- TASK ITEM:
Below are entries; copy exactly, and only, the lines from the one containing "Foldable Reptile Mat" through their final line, leaving out pictures.

[Web page caption snippets]
+ + + + +
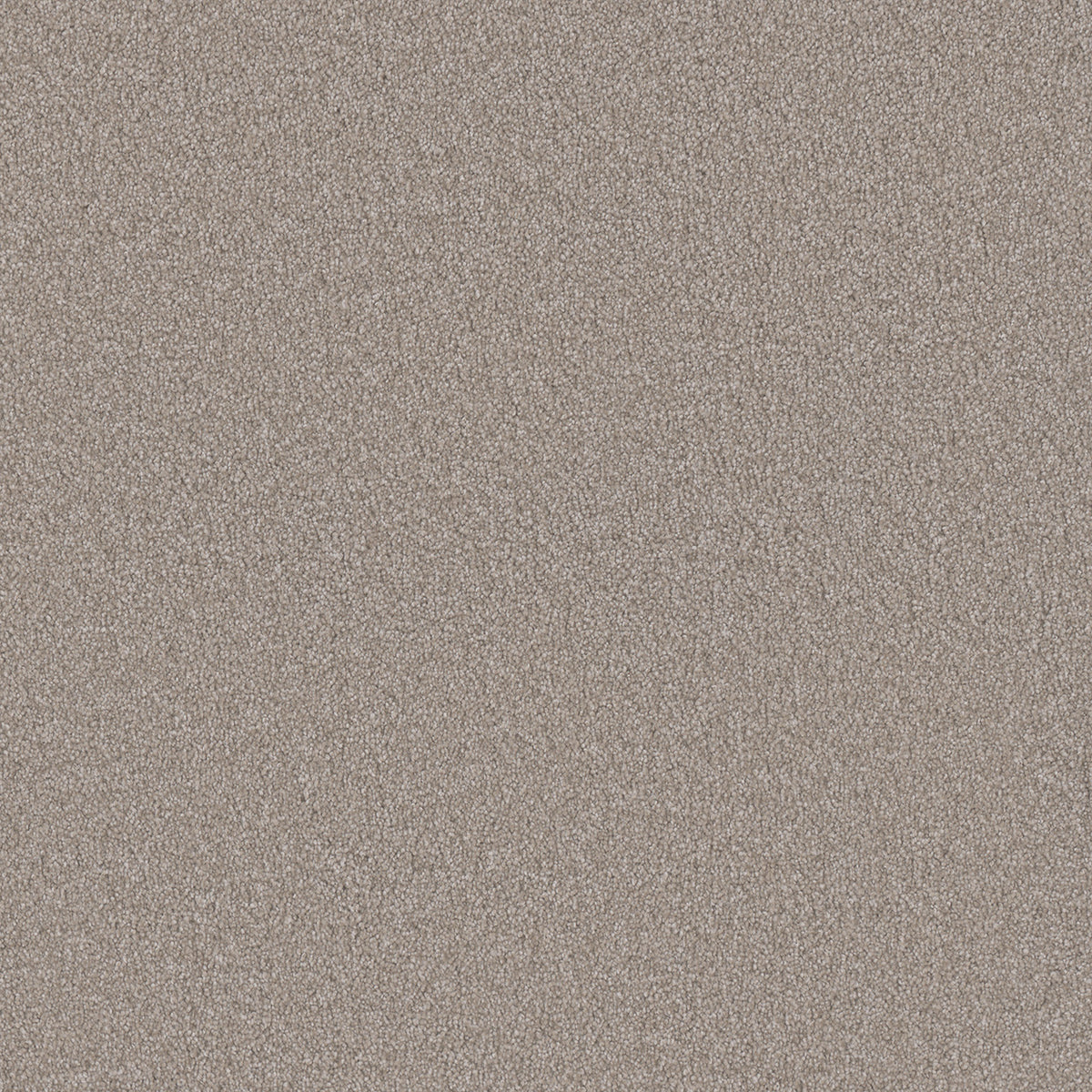 Royale I - Parchment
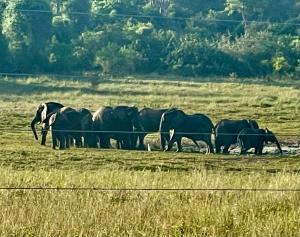 Nyota 11 - Jua Resort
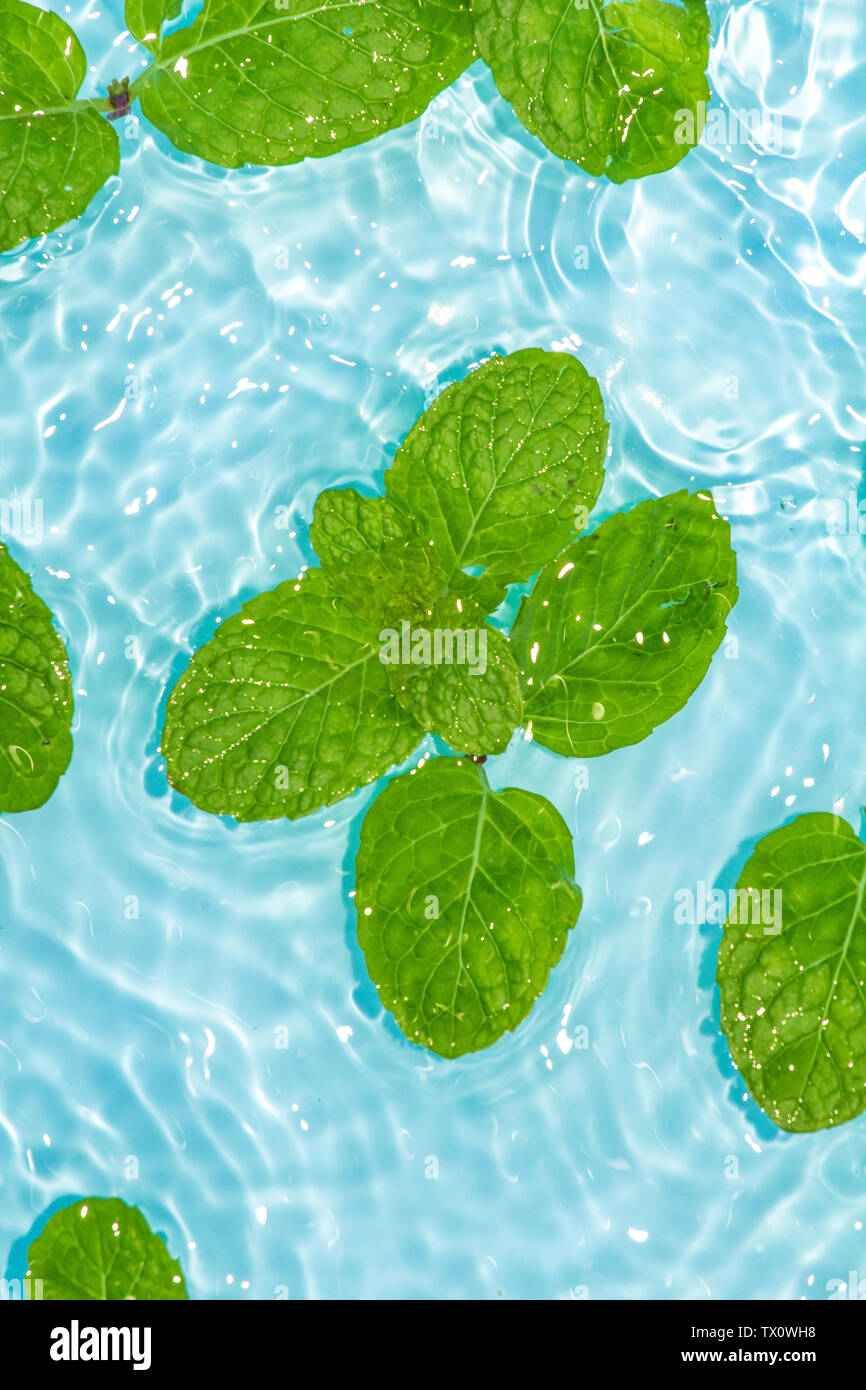 Fresh mint leaves in ice water Stock Photo Alamy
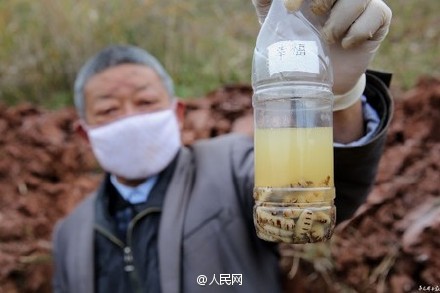 78 nests of termites dug out of reservoir in Sichuan

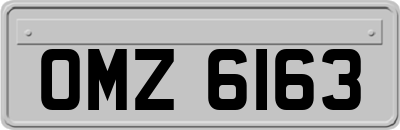 OMZ6163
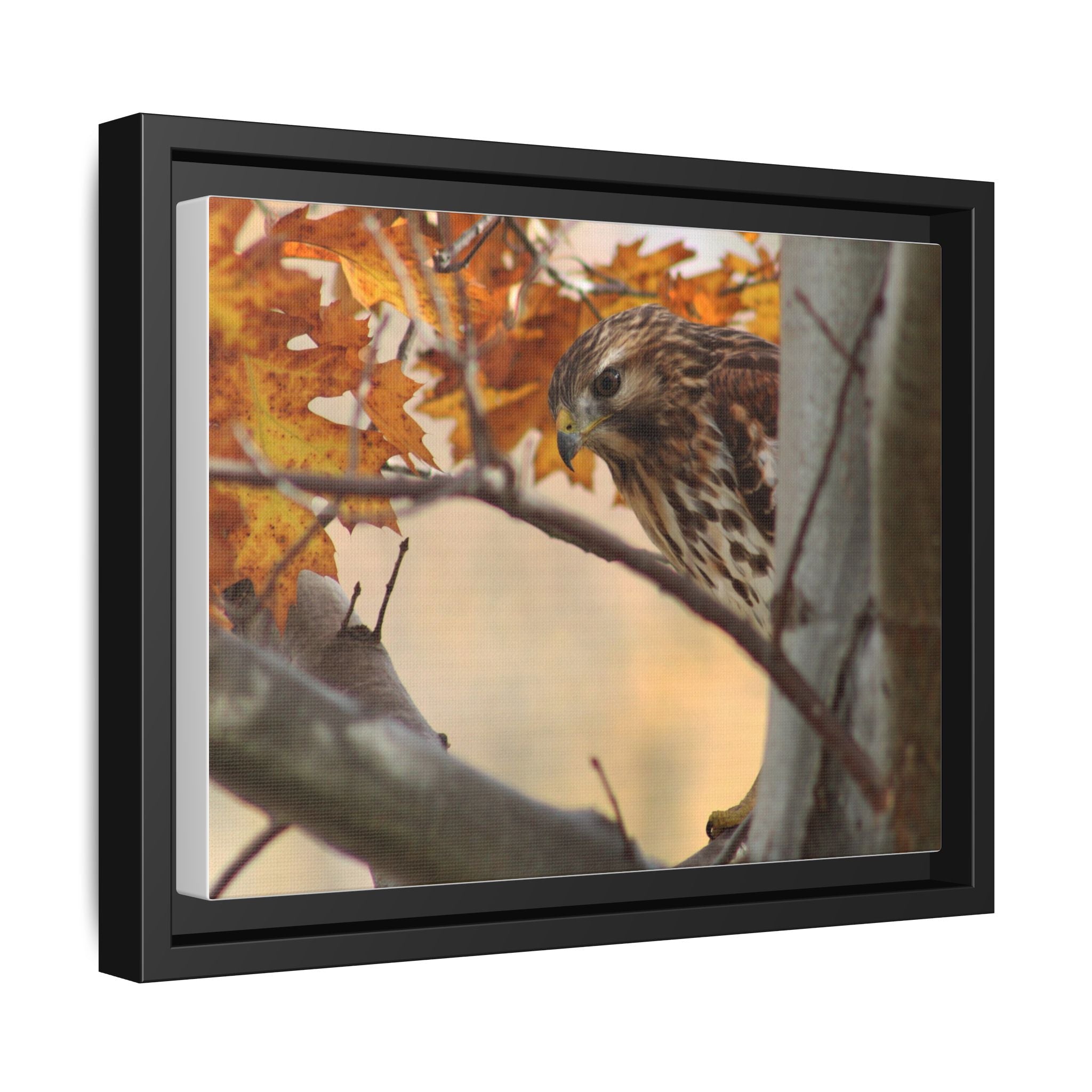 Framed Matte Canvas: Autumn Hawk Wildlife Wall Art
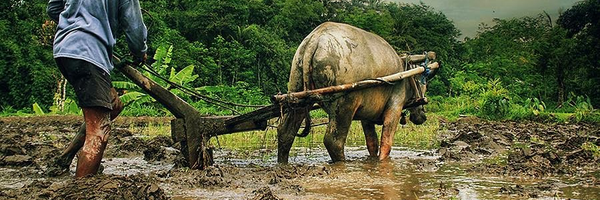 RamlanHsb Profile Banner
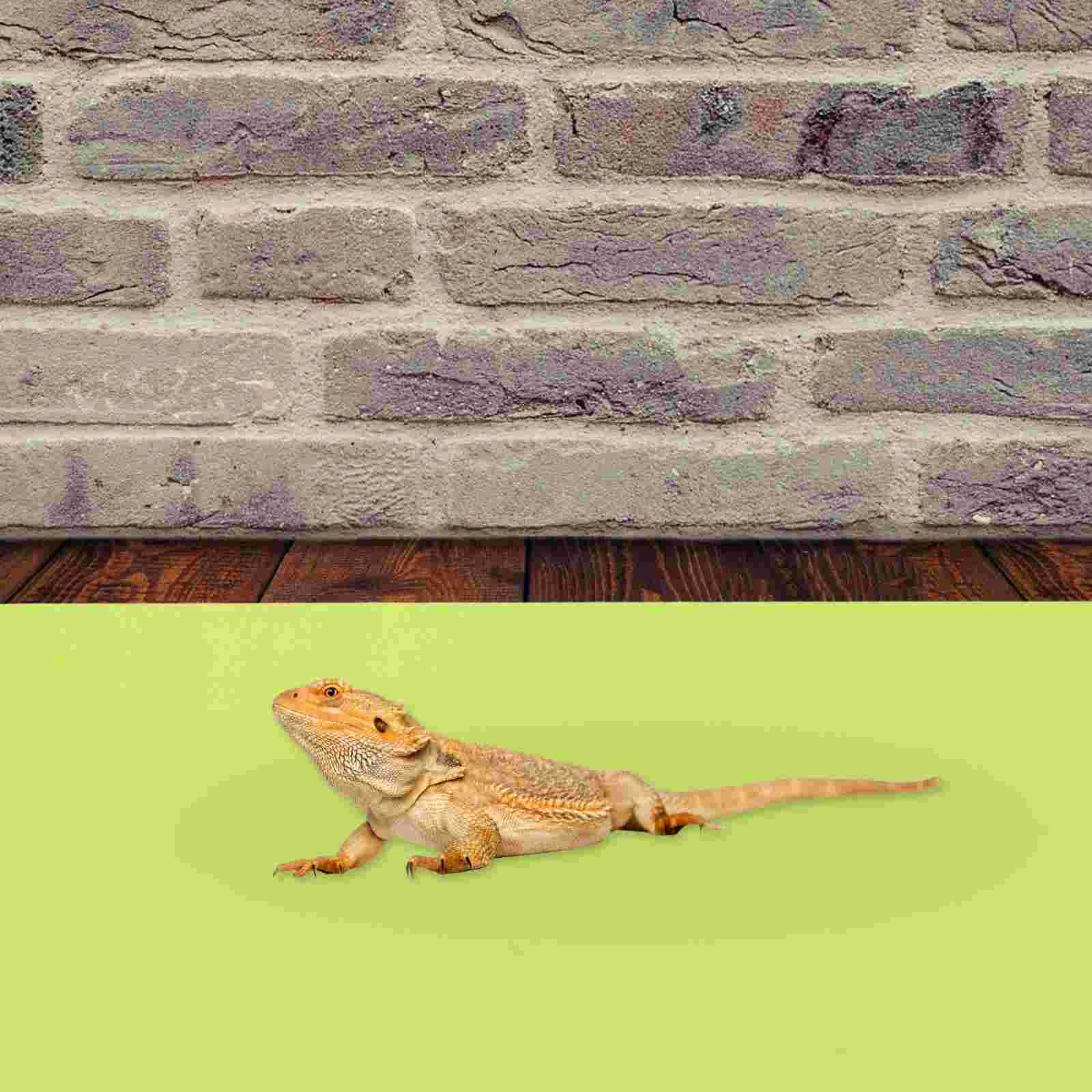 

Foldable Reptile Mat Terrarium Bedding Reptile Terrarium Pad Reptile Terrarium Mat for Reptiles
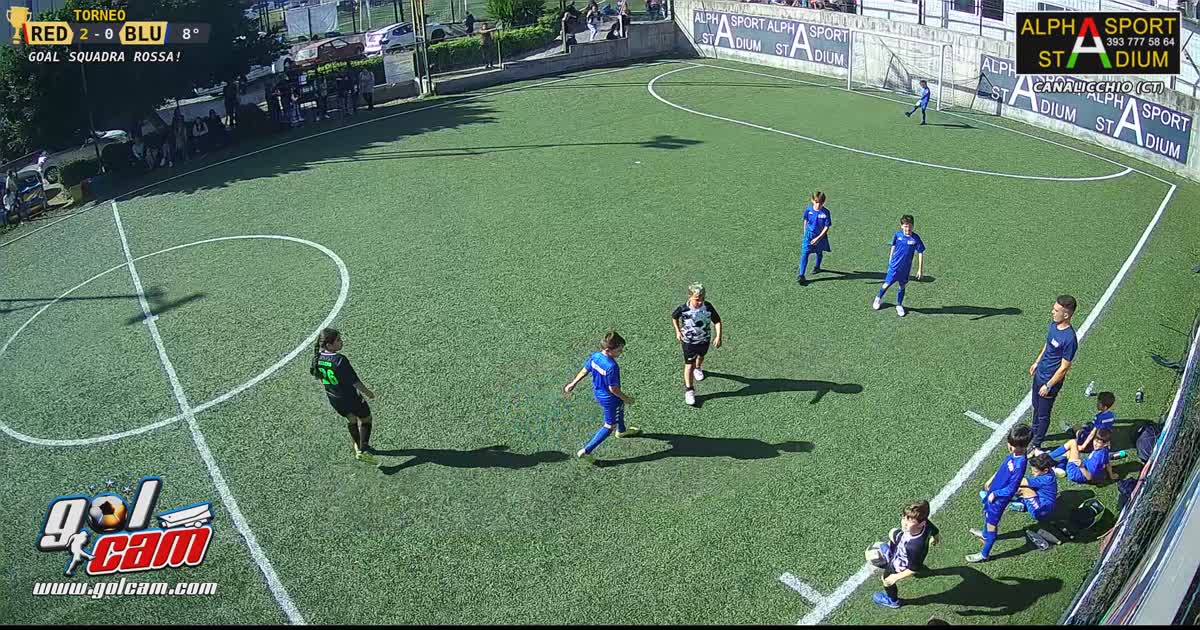 Dami gol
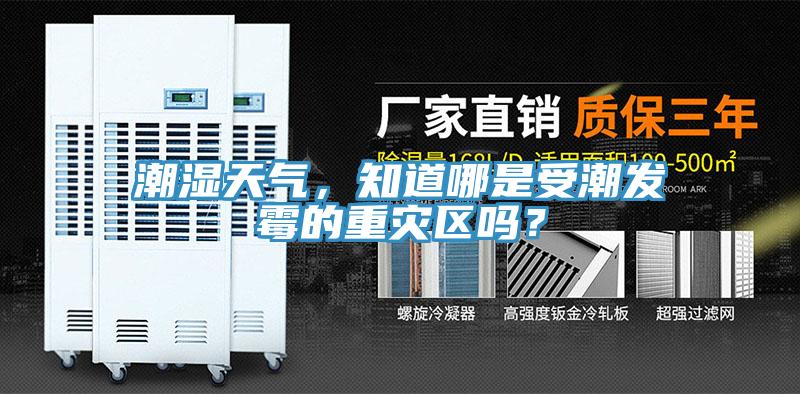 潮濕天氣，知道哪是受潮發黴的重災區嗎？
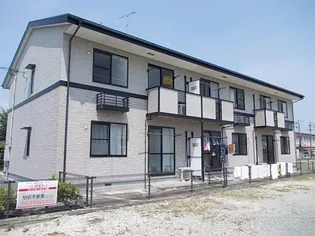 サニーカーサの画像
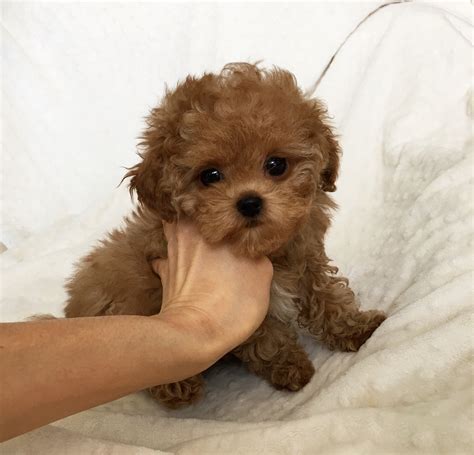 The akc recognizes the apricot the brown coloring in maltipoos has to come from the poodle. Teacup Red Maltipoo Puppy! Rachel | iHeartTeacups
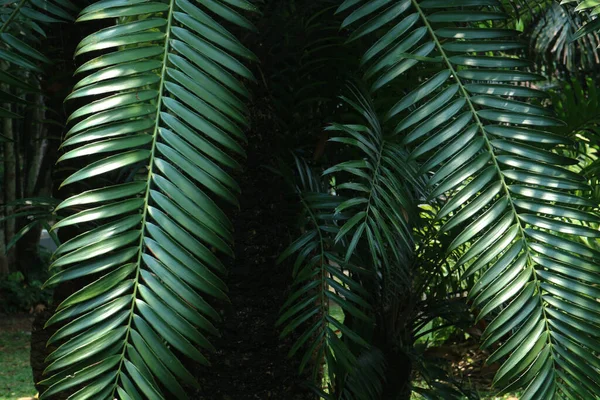 Folhas Verdes Árvores Tropicais Floresta Tropical Perto — Fotografia de Stock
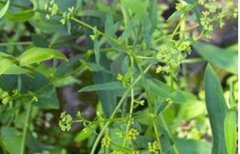 ����溦�Ʒ���ķ��η���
+ + + + +
- RESPONSE AREA:
Foldable Reptile Mat Terrarium Bedding Reptile Terrarium Pad Reptile Terrarium Mat for Reptiles
 Dami gol
 潮濕天氣，知道哪是受潮發黴的重災區嗎？
 サニーカーサの画像
 The akc recognizes the apricot the brown coloring in maltipoos has to come from the poodle. Teacup Red Maltipoo Puppy! Rachel | iHeartTeacups
 Folhas Verdes Árvores Tropicais Floresta Tropical Perto — Fotografia de Stock
 ����溦�Ʒ���ķ��η���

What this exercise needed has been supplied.